Dr. John Venglarcik, infectious disease specialist with the Mahoning County District Board of Health, said the only way transmission could occur in the Ohio is if that individual was bitten by a mosquito during the time of active infection and then that mosquito spreads the virus by biting others.
“I would like to see that mosquito because we will probably put it in a Hall of Fame. Any mosquito that could survive in January, even this mild Janurary, where it is still going below freezing at night – there are no mosquitos floating around this time of year,” Venglarcik said.
Venglarcik said Ohioans who aren’t traveling to infected areas really don’t need to be concerned until spring when mosquitoes return. But even then, the threat here is relatively low.
The primary mosquito that transmits Zika virus is found in the tropics and southern U.S, but it is not established in Ohio.
“I’d be concerned if I were a pregnant woman traveling south of the Mexican border and that includes the Carribbean,” Venglarcik said.
Following the announcement of the Ohio case, several senators including Senator Sherrod Brown introduced a bill to accelerate the development of a vaccine and treatments for the virus.
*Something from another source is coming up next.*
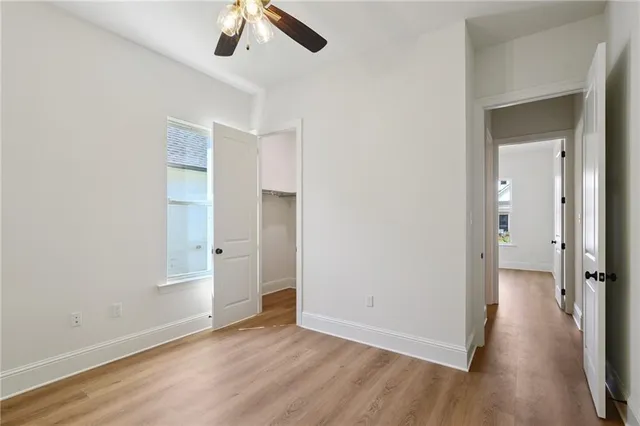 $654,000 | 4232 Cypress Point Drive, Covington, LA 70433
“The Zika virus – like so many other public health threats – is never more than a plane ride away, and we must make sure the U.S. stands ready to prevent its spread and give care to those who need it,” said Brown. “Our reaction must keep pace with the spread of Zika, which means we should make developing an effective treatments for the virus a priority. By adding Zika to the list of diseases eligible for a priority review voucher within the FDA, we can incentivize the development and approval of a vaccine or treatment options to contain the virus and ensure that those effected by Zika can seek care.”
The legislation would add Zika to a key U.S. Food and Drug Administration (FDA) program called the Priority Review Voucher Program, which encourages the development of treatments for neglected tropical diseases.
Planning is underway for a Zika virus tabletop exercise to ensure Ohio’s preparedness at the local and state levels prior to the 2016 mosquito season that runs from May to October.
Of people infected with the Zika virus, 80 percent do not have any symptoms. When symptoms occur, they are often mild, lasting from several days to a week, and include fever, rash, joint and muscle pain, conjunctivitis (red eyes), and headache. Severe disease requiring hospitalization is uncommon. Due to the possible association between Zika virus infections in pregnant women and certain birth defects, CDC recommends that pregnant women and women trying to get pregnant consider postponing travel to areas with Zika virus transmission.
The World Health Organization (WHO) recently labeled Zika a global public health emergency, but right now, there is no known vaccine or treatment for the virus. The most common symptoms of the virus are mild, but in certain cases, reports suggest Zika may be associated with serious birth defects-including microcephaly, which has been linked to developmental delays and other life-threatening problems.
To prevent potential transmission through sexual contact, CDC recommends men with a pregnant sex partner abstain from sexual activity or consistently and correctly use condoms during sex for the duration of the pregnancy. CDC also recommends that pregnant women without symptoms of Zika virus disease be offered testing 2 to 12 weeks after returning from areas with ongoing Zika virus transmission.
The Zika virus has been much more widespread in Latin and South America than in the United States.